Source : NOUVELOBS.COM - 26.08.2008
Dans un entretien à paraître dans Le Monde daté de mercredi, le maire de Paris, Bertrand Delanoë, a annoncé mardi 26 août qu'il serait candidat au poste de Premier secrétaire du Parti socialiste lors du congrès de Reims en novembre.
"Oui, je mettrai toute mon énergie au service de nos convictions", répond Bertrand Delanoë à la question "vous serez candidat au poste de Premier secrétaire?"
"Le 23 septembre, je serai le premier signataire d'une motion, pour une orientation politique que je souhaite majoritaire. J'accepterai donc évidemment la première tâche de militant, si les socialistes me la confient," poursuit Bertrand Delanoë.
La candidature du maire de Paris était attendue au sein du Parti, mais il avait jusqu'à présent pris soin de ne pas l'officialiser.
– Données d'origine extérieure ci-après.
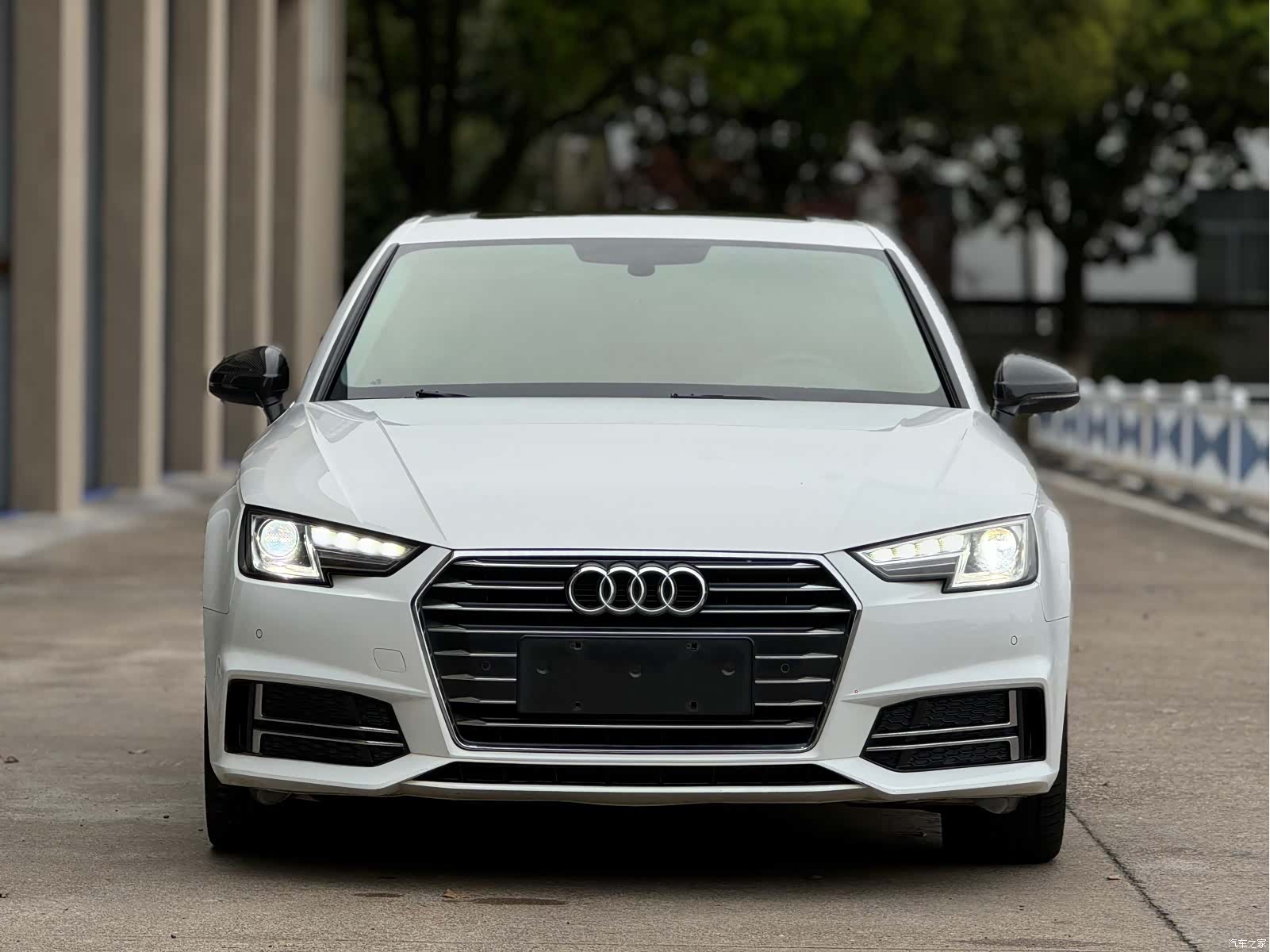 Audi A4L, 2019 2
Cette annonce intervient à trois jours du début de l'Université d'été du PS à la Rochelle, point de départ des grandes manoeuvres en vue du congrès qui se tiendra du 14 au 16 novembre à Reims.
"Mettre fin à l'autodénigrement"
Jusqu'à présent, parmi les "présidentiables" pressentis du parti, seule Ségolène Royal, l'ex-candidate à la présidentielle, avait officiellement annoncé sa candidature à la succession de François Hollande.
Le journal oublie Julien DRAY, et me semble t-il Pierre MOSCOVICI !
(OK, ils ne sont pas "présidentiables" ... mais ils ont bien une petite idée derrière la tête)
Bertrand Delanoë explique souhaiter que le congrès de Reims "soit celui de la clarification, pour un parti dynamisé, créatif et ouvert". "Il est temps de mettre fin à l'autodénigrement mécanique et aux excès d'individualisme", affirme-t-il. "Nous rejetons la logique toxique des petites combinaisons".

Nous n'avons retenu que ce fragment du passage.